▸ **WHAT NEEDS TO BE DONE**:
Pictures in the entries below are excluded; copy only the lines from the one containing "Israeli navy soldiers" to the one containing "Natural beauty face.", both included.

DATA SHOWN below:

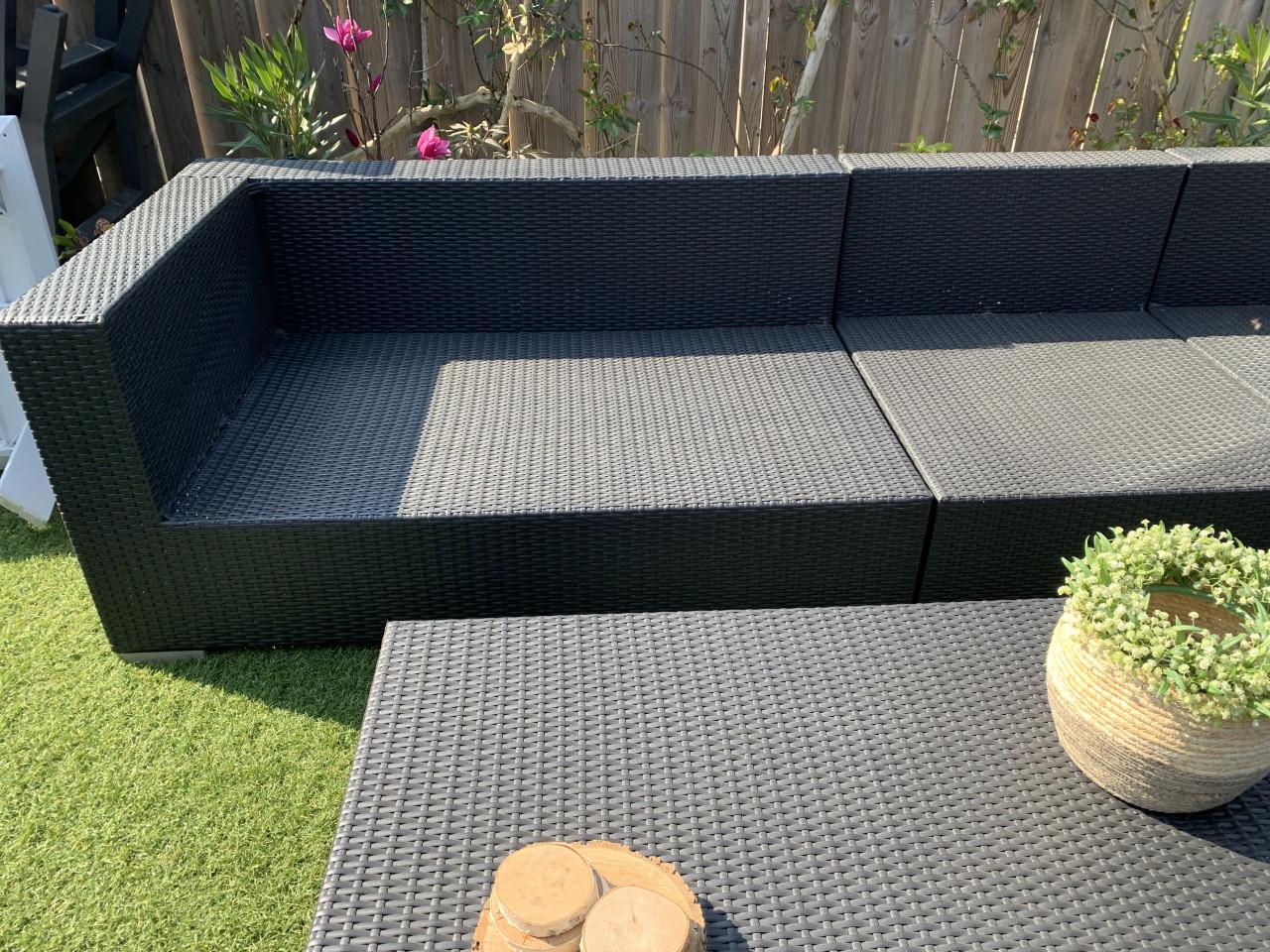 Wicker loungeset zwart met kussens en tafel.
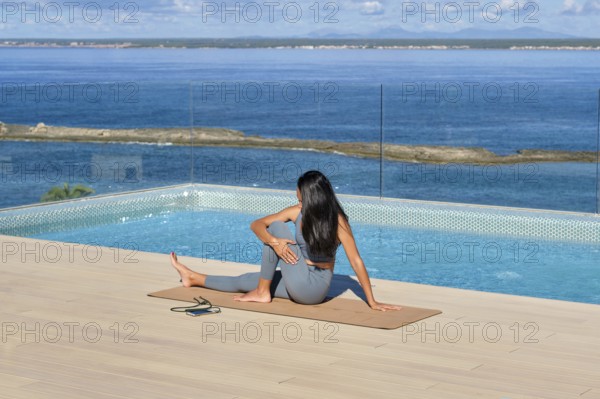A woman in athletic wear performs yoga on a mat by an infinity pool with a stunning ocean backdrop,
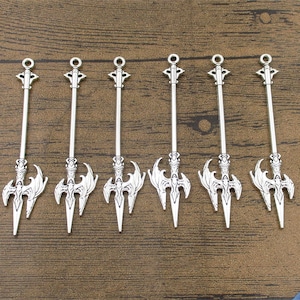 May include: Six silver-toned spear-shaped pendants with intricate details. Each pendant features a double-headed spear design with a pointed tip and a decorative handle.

End of DATA SHOWN.
DATA SHOWN below:

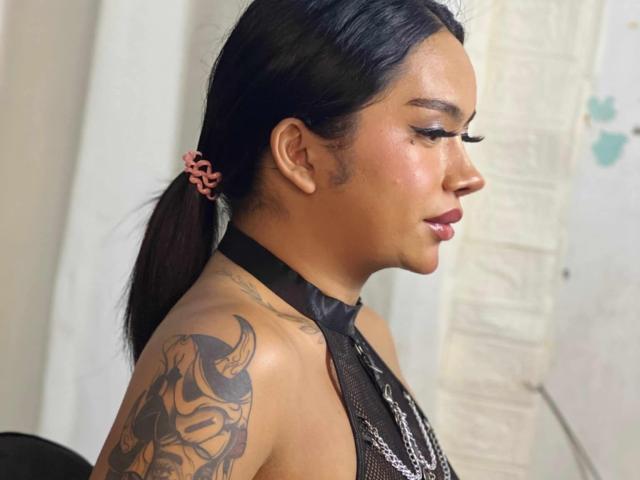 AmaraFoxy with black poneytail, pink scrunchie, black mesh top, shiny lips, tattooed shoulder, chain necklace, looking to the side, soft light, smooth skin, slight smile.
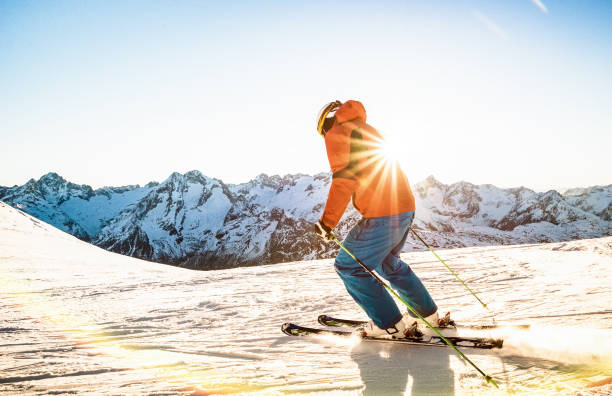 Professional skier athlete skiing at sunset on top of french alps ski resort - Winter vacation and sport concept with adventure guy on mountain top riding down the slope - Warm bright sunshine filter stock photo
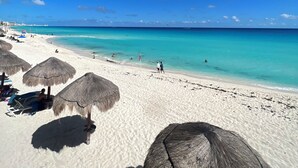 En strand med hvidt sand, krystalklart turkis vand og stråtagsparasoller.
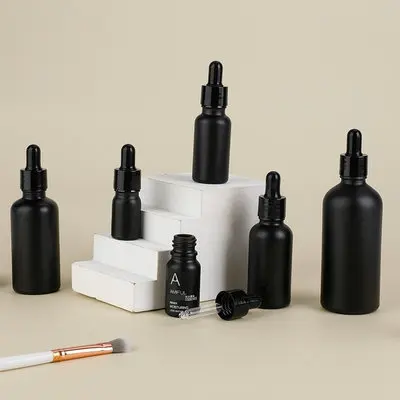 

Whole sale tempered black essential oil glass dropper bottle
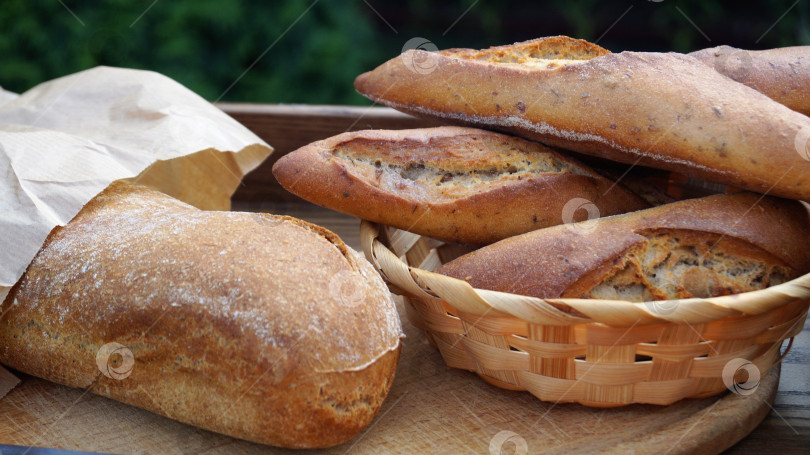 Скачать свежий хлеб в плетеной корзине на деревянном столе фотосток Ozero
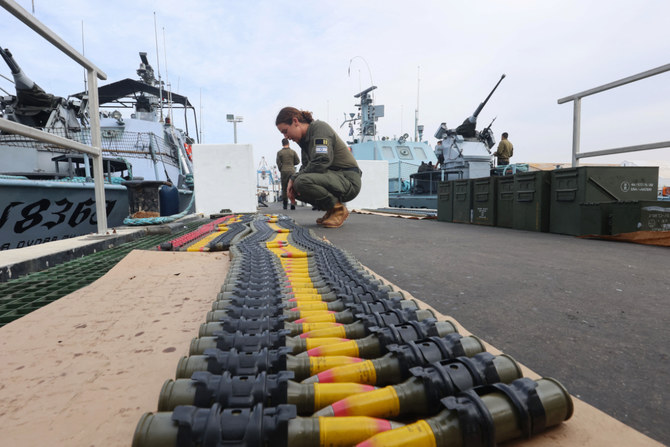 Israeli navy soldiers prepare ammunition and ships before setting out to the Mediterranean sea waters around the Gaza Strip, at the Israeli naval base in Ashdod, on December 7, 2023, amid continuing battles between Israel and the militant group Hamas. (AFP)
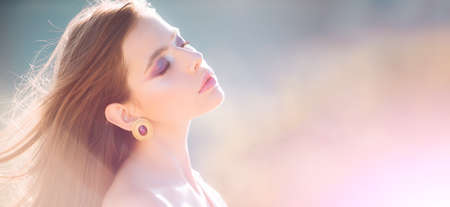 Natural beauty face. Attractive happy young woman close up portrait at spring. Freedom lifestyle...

End of DATA SHOWN.

▸ **RESPONSE BOX**:
 Israeli navy soldiers prepare ammunition and ships before setting out to the Mediterranean sea waters around the Gaza Strip, at the Israeli naval base in Ashdod, on December 7, 2023, amid continuing battles between Israel and the militant group Hamas. (AFP)
 Natural beauty face. Attractive happy young woman close up portrait at spring. Freedom lifestyle...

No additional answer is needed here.